• [Your goal]
In the data below, the answer is the run of lines from the line containing "Cartes Pour Fêtes" through the line containing "Praha, Praha Pronájem", both included; print it exactly and nothing else.
====== Extracted information ======
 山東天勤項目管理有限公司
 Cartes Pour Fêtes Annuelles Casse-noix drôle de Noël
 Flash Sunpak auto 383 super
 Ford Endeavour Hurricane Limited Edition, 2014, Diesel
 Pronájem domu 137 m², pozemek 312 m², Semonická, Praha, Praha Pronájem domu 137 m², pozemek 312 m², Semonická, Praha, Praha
======
====== Extracted information ======
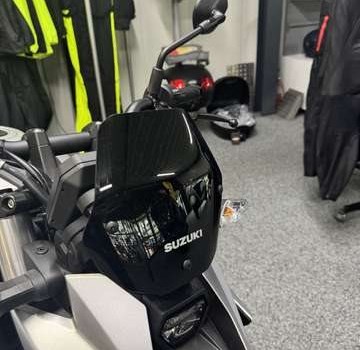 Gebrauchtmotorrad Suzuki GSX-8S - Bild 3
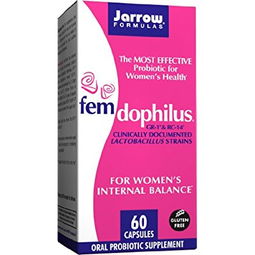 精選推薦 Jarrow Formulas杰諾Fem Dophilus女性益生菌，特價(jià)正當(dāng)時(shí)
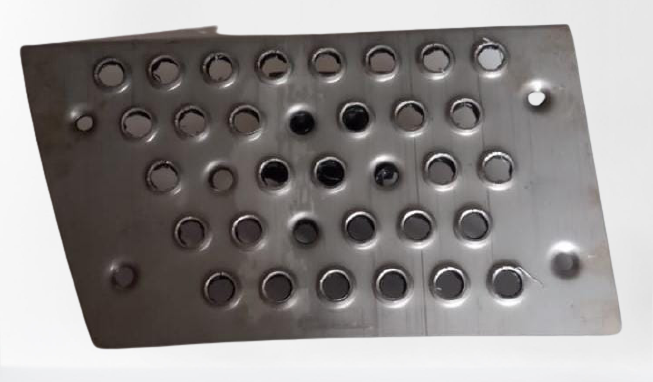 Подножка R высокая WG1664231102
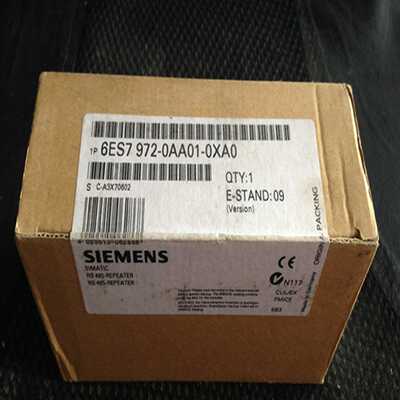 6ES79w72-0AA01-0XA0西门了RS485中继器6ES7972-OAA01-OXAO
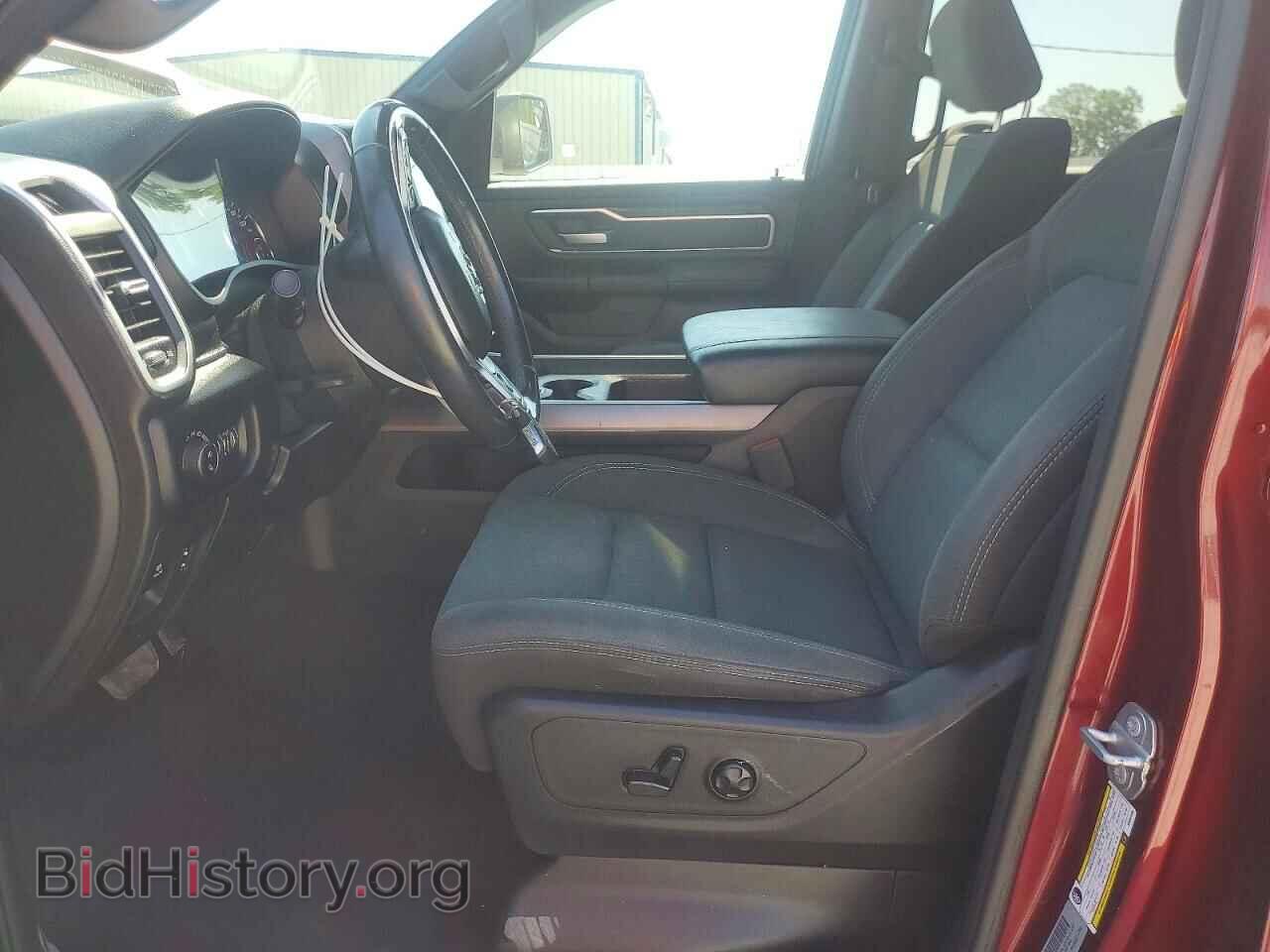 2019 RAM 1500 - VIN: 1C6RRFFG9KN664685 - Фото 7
======
• [Solution below]
 Cartes Pour Fêtes Annuelles Casse-noix drôle de Noël
 Flash Sunpak auto 383 super
 Ford Endeavour Hurricane Limited Edition, 2014, Diesel
 Pronájem domu 137 m², pozemek 312 m², Semonická, Praha, Praha Pronájem domu 137 m², pozemek 312 m², Semonická, Praha, Praha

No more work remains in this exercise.